(Stored entries)

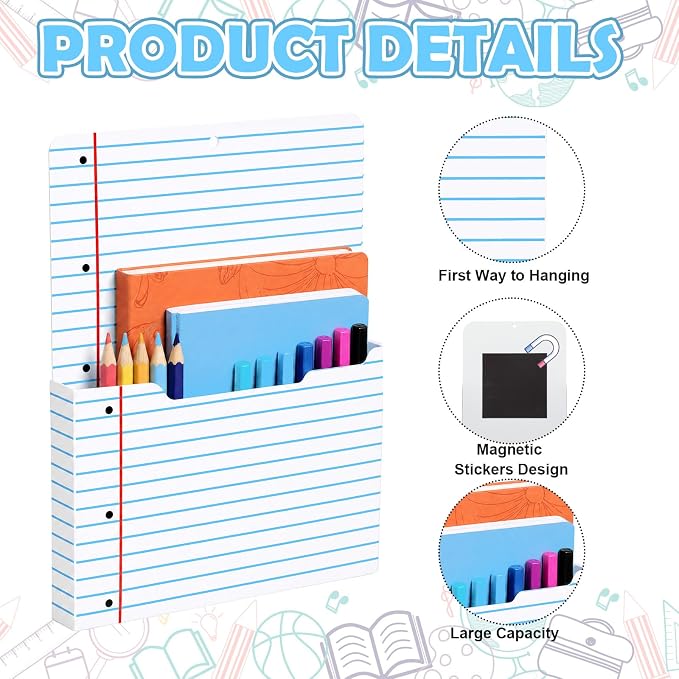 Gilprop 2 Pack 2 Pcs Composition Notebook Magnetic File Folder Holder Pocket File Organizer Classroom Decor Teacher Desk Accessories for Whiteboard Classroom Essential No Drilling (Notebook Lined)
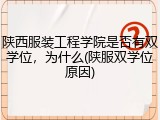 陕西服装工程学院是否有双学位,为什么(陕服双学位原因)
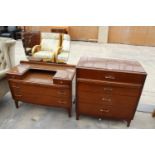 A RETRO LEBUS OAK CHEST OF FOUR DRAWERS, 31" WIDE, AND MATCHING DRESSING CHEST, 37" WIDE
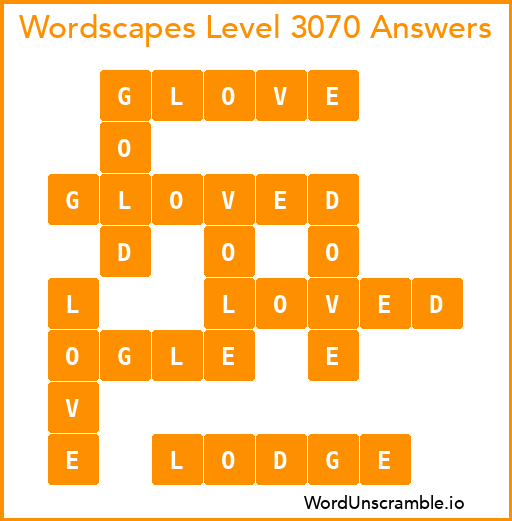 Wordscapes Level 3070 Answers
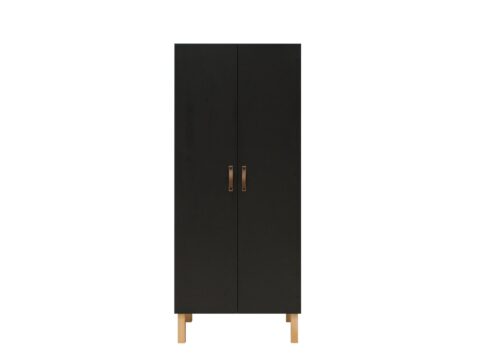 Bopita Kledingkast 2-Deurs Floris Black/Natural Kinder- / Tienerkamers MDF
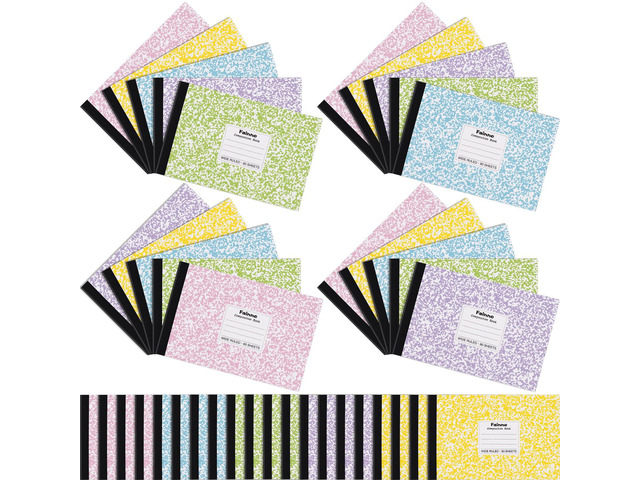 Half Composition Books,Macarons,Snowflake 20 Pack Bulk Journals for School Students, Wide Ruled 80 Sheets, 11/32 Inch Spacing, 4-7/8x7-1/2 Size,...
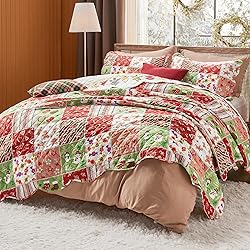 Bedsure Christmas Quilt Set Queen - Red Quilts for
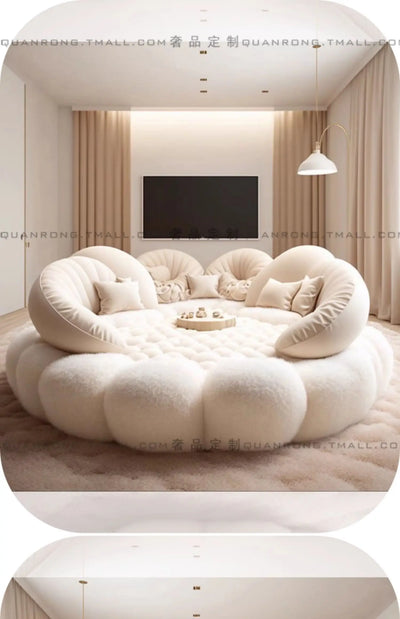 Round Aesthetics Soft Bed Frame European Full Master Bedroom Hotel Create Bed King Size Fashionable Modern Cama Casal Furniture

Task item = Copy the lines from the line that contains "Half Composition Books,Macarons,Snowflake" through the end of the records, exactly and with nothing added; leave the pictures out.

Solution to the exercise =
 Half Composition Books,Macarons,Snowflake 20 Pack Bulk Journals for School Students, Wide Ruled 80 Sheets, 11/32 Inch Spacing, 4-7/8x7-1/2 Size,...
 Bedsure Christmas Quilt Set Queen - Red Quilts for
 Round Aesthetics Soft Bed Frame European Full Master Bedroom Hotel Create Bed King Size Fashionable Modern Cama Casal Furniture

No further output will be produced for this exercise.